## WHAT THE TASK REQUIRES
The copy you return should hold only the lines from the top of the data below through the line with "Luftbild von Raumbach", each duplicated exactly and with no pictures.

[Scraped caption text data]
....

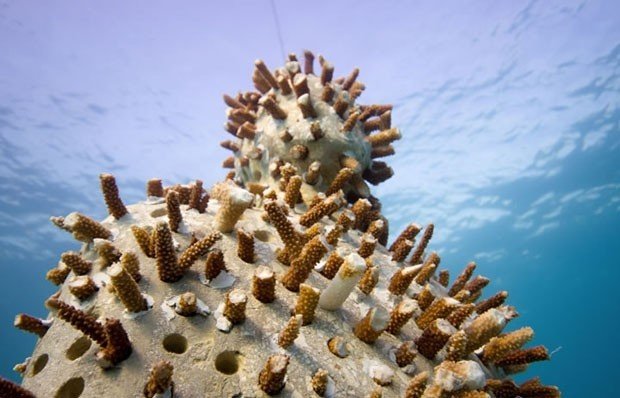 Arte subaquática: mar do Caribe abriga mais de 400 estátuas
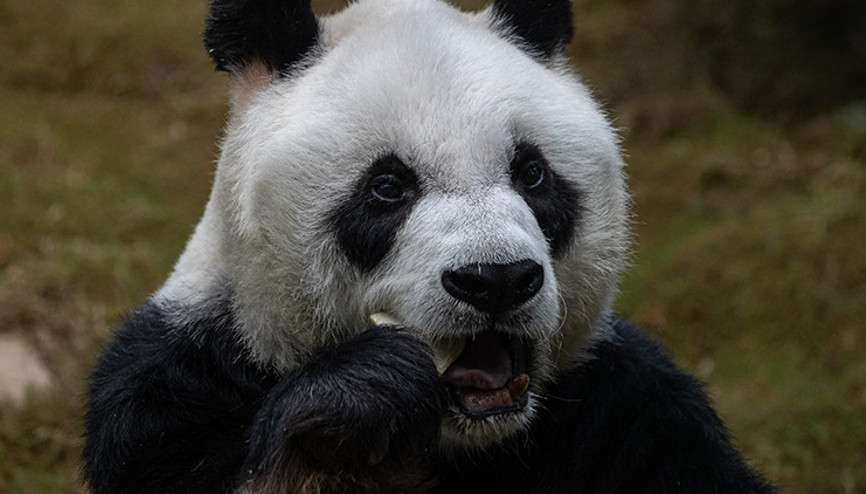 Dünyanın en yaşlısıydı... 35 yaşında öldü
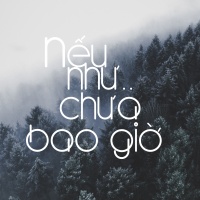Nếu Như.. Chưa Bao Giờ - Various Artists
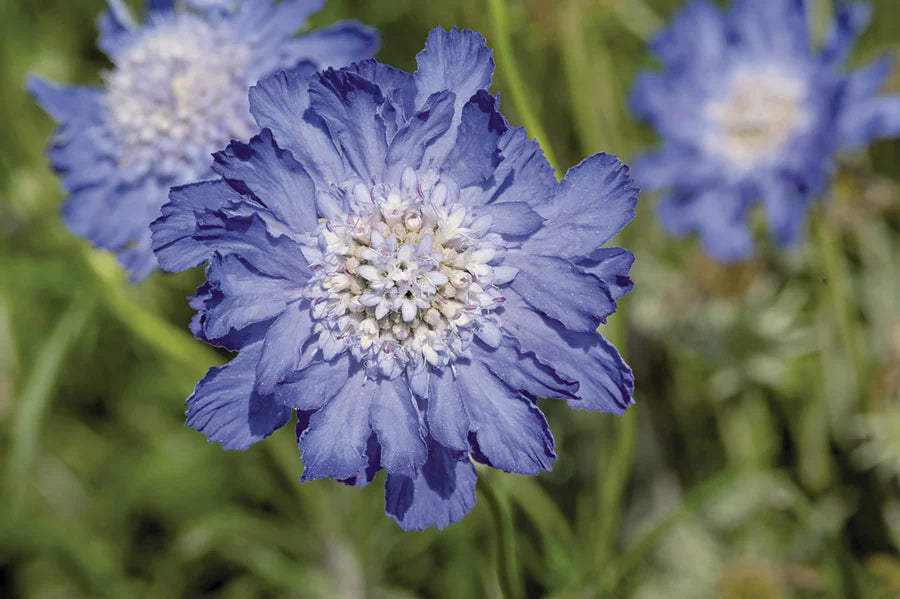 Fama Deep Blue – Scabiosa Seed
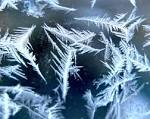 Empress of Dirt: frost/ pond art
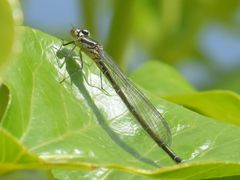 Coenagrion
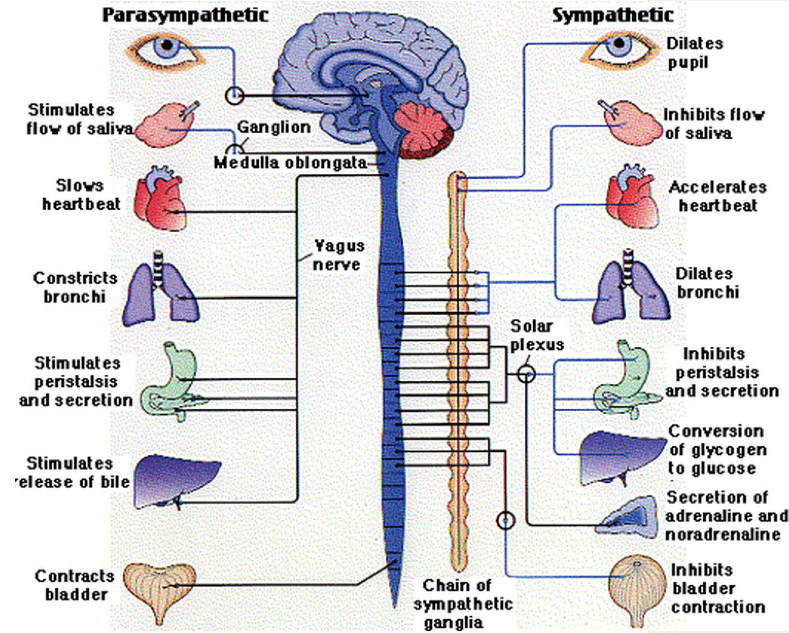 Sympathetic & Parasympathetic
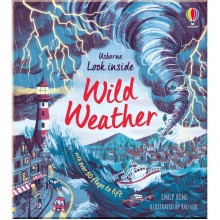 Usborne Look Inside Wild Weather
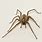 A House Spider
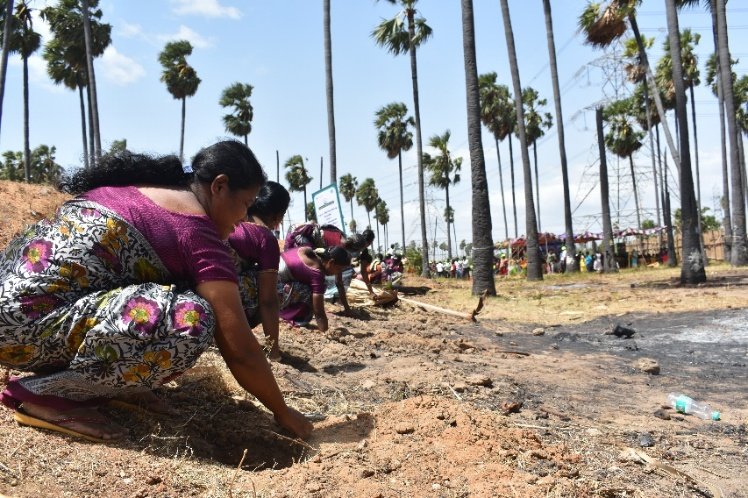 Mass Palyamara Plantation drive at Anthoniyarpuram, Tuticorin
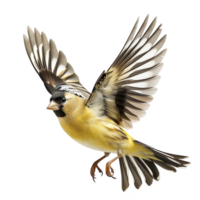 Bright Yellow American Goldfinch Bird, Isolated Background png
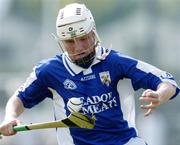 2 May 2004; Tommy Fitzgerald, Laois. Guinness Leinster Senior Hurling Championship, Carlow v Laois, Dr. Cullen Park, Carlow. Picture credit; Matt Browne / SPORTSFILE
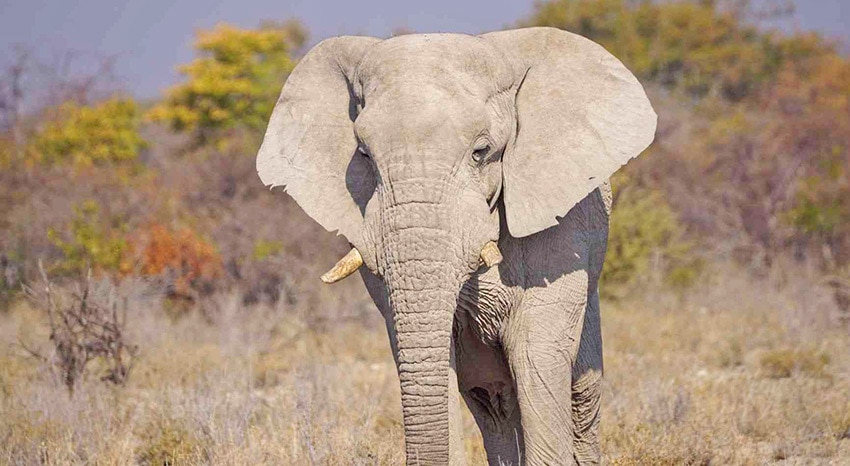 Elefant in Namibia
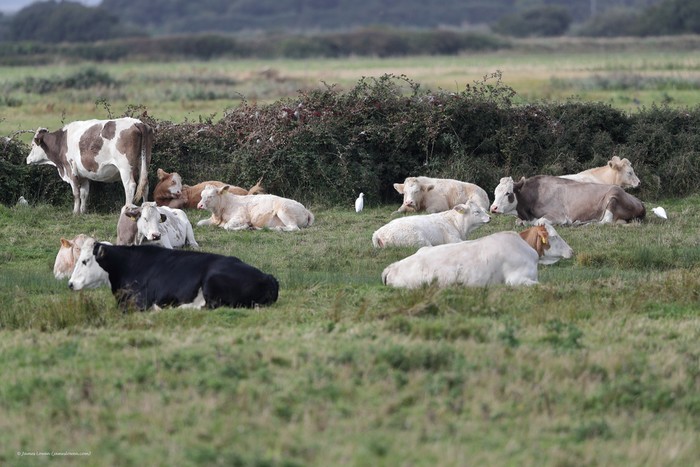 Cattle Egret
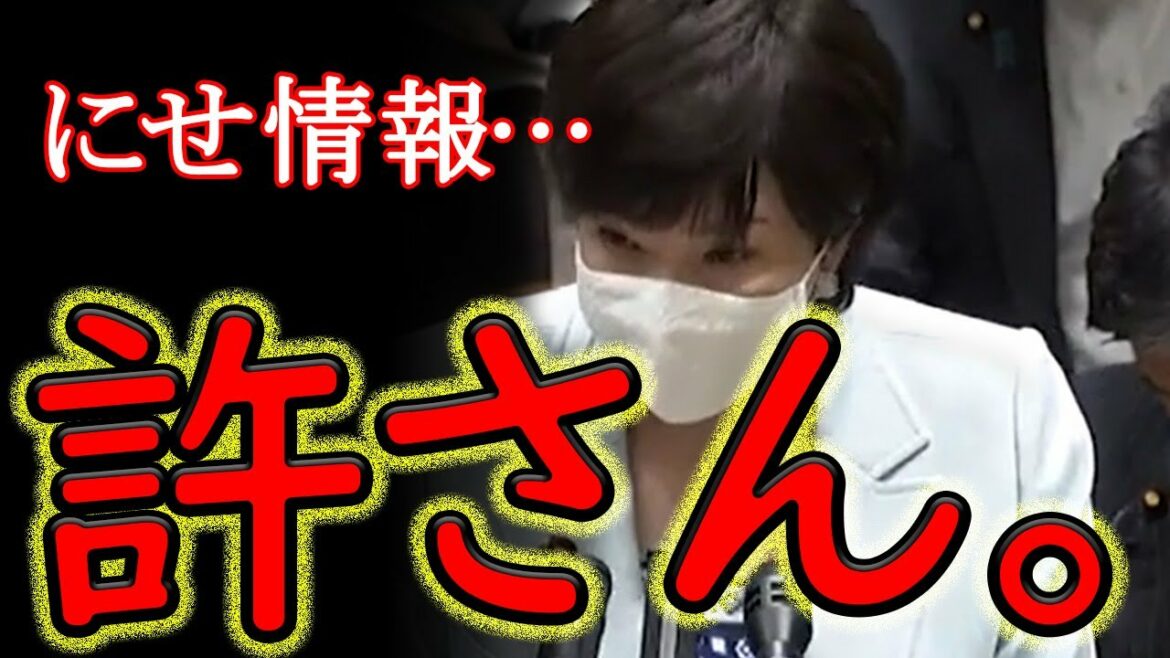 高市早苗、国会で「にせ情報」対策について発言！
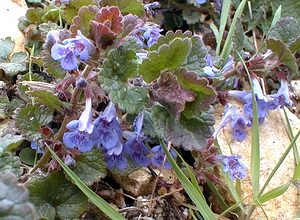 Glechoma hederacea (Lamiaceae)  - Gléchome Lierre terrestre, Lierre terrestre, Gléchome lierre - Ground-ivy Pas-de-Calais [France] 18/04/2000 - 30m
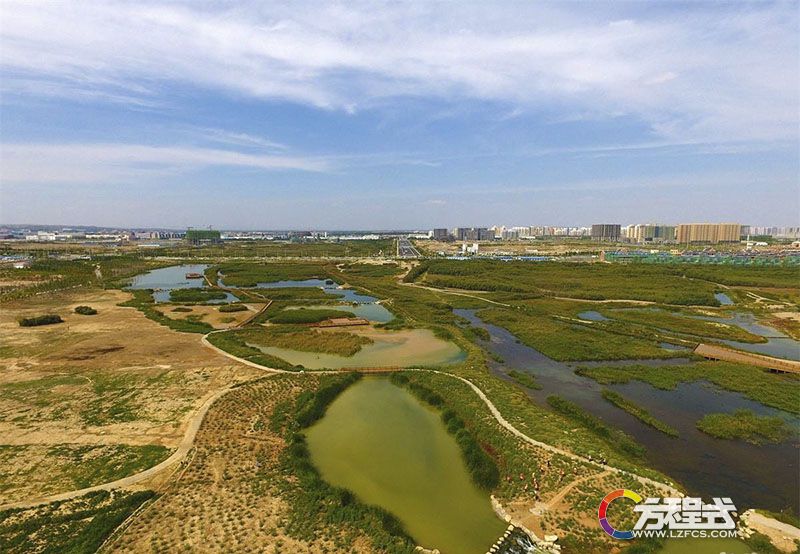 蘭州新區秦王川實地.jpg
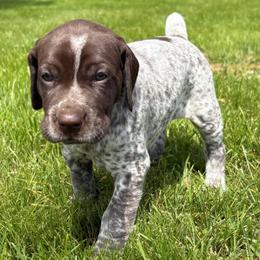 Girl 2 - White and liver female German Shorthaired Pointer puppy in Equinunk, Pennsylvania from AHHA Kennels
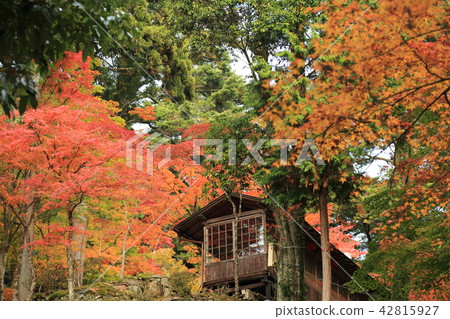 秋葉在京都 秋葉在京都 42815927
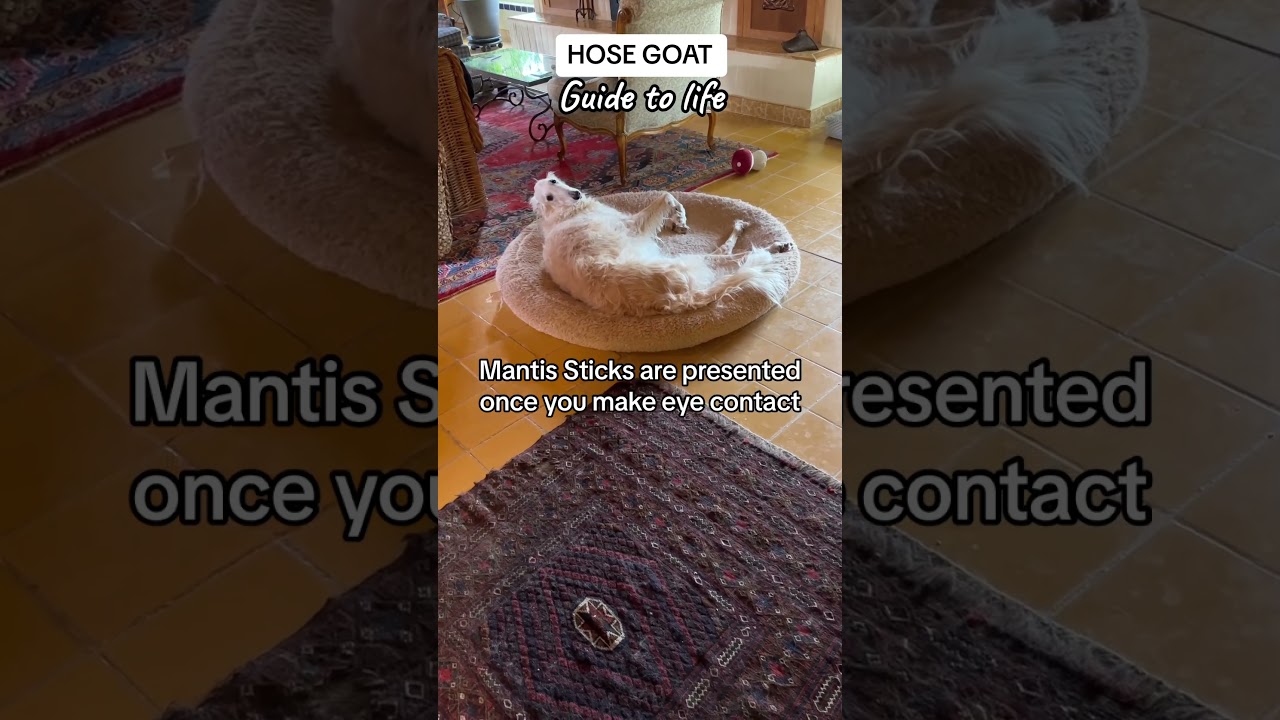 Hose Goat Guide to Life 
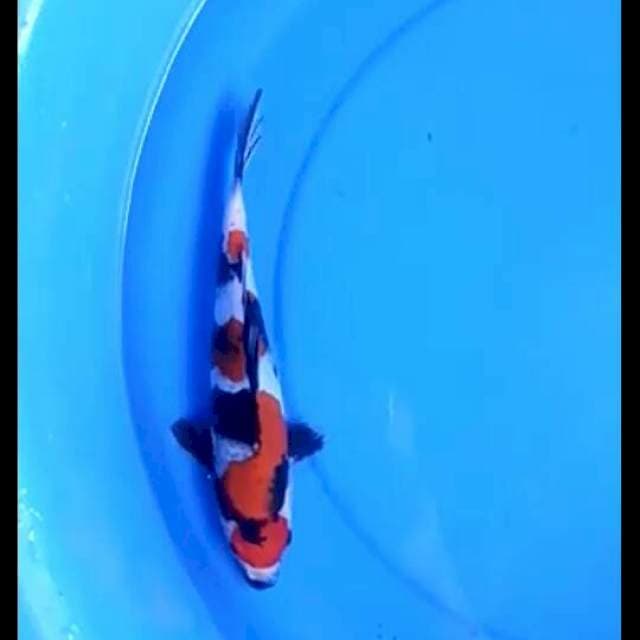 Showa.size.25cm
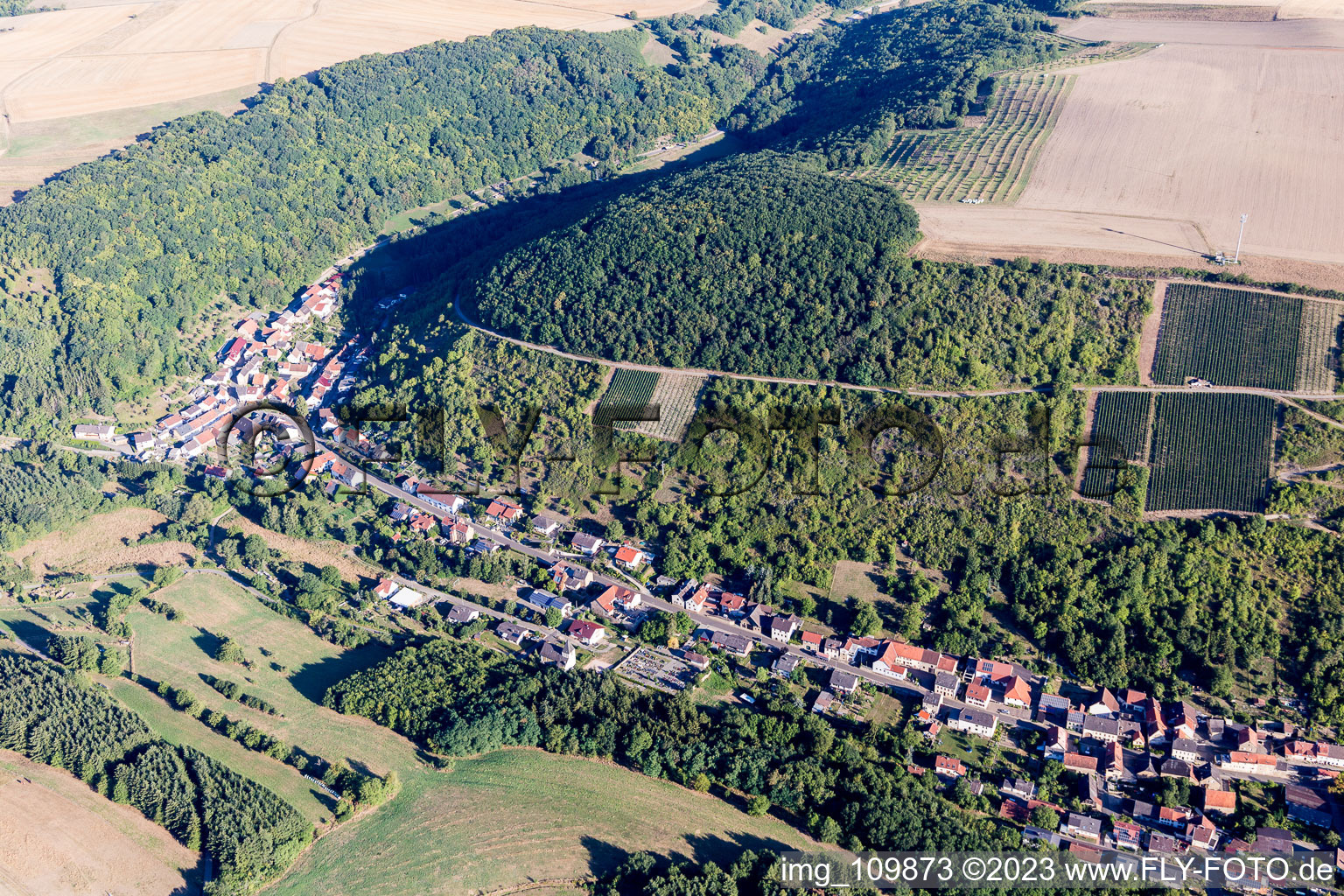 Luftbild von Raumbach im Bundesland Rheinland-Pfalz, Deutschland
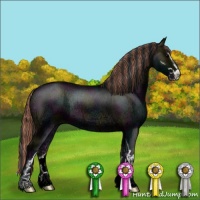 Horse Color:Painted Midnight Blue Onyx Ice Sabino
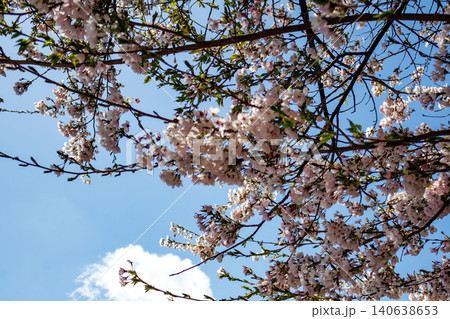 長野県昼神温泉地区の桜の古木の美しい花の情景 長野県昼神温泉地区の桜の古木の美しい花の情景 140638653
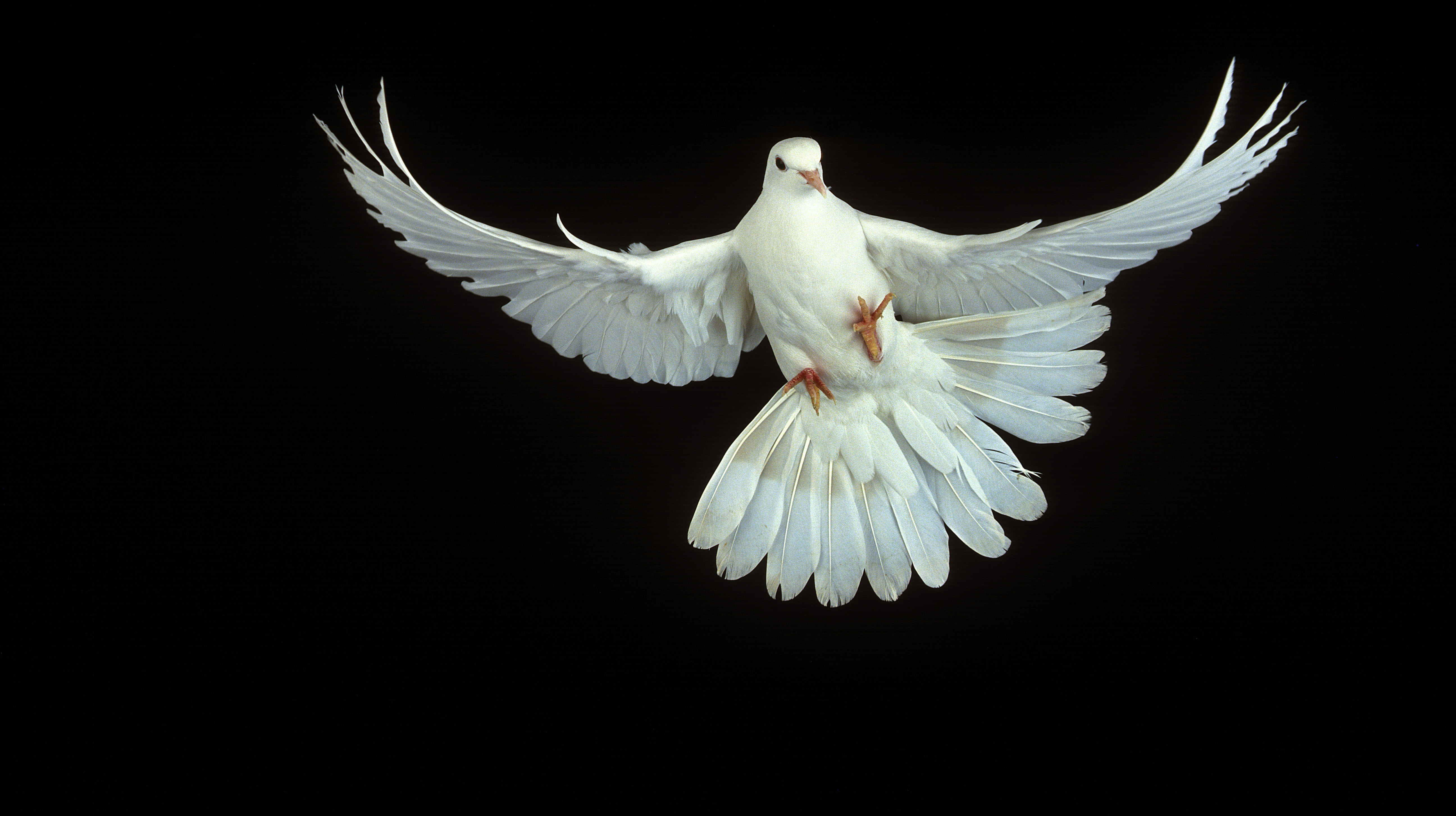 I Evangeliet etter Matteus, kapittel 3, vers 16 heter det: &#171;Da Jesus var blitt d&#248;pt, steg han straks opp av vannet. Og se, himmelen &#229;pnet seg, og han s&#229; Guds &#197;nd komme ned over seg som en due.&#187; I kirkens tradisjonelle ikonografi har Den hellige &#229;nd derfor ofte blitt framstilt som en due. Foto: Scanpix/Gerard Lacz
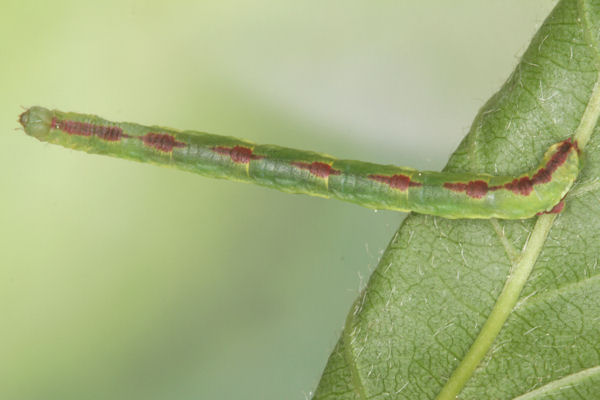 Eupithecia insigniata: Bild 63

....

## SOLUTION TO THIS PROBLEM
 Arte subaquática: mar do Caribe abriga mais de 400 estátuas
 Dünyanın en yaşlısıydı... 35 yaşında öldü
Nếu Như.. Chưa Bao Giờ - Various Artists
 Fama Deep Blue – Scabiosa Seed
 Empress of Dirt: frost/ pond art
 Coenagrion
 Sympathetic & Parasympathetic
 Usborne Look Inside Wild Weather
 A House Spider
 Mass Palyamara Plantation drive at Anthoniyarpuram, Tuticorin
 Bright Yellow American Goldfinch Bird, Isolated Background png
 2 May 2004; Tommy Fitzgerald, Laois. Guinness Leinster Senior Hurling Championship, Carlow v Laois, Dr. Cullen Park, Carlow. Picture credit; Matt Browne / SPORTSFILE
 Elefant in Namibia
 Cattle Egret
 高市早苗、国会で「にせ情報」対策について発言！
 Glechoma hederacea (Lamiaceae)  - Gléchome Lierre terrestre, Lierre terrestre, Gléchome lierre - Ground-ivy Pas-de-Calais [France] 18/04/2000 - 30m
 蘭州新區秦王川實地.jpg
 Girl 2 - White and liver female German Shorthaired Pointer puppy in Equinunk, Pennsylvania from AHHA Kennels
 秋葉在京都 秋葉在京都 42815927
 Hose Goat Guide to Life 
 Showa.size.25cm
 Luftbild von Raumbach im Bundesland Rheinland-Pfalz, Deutschland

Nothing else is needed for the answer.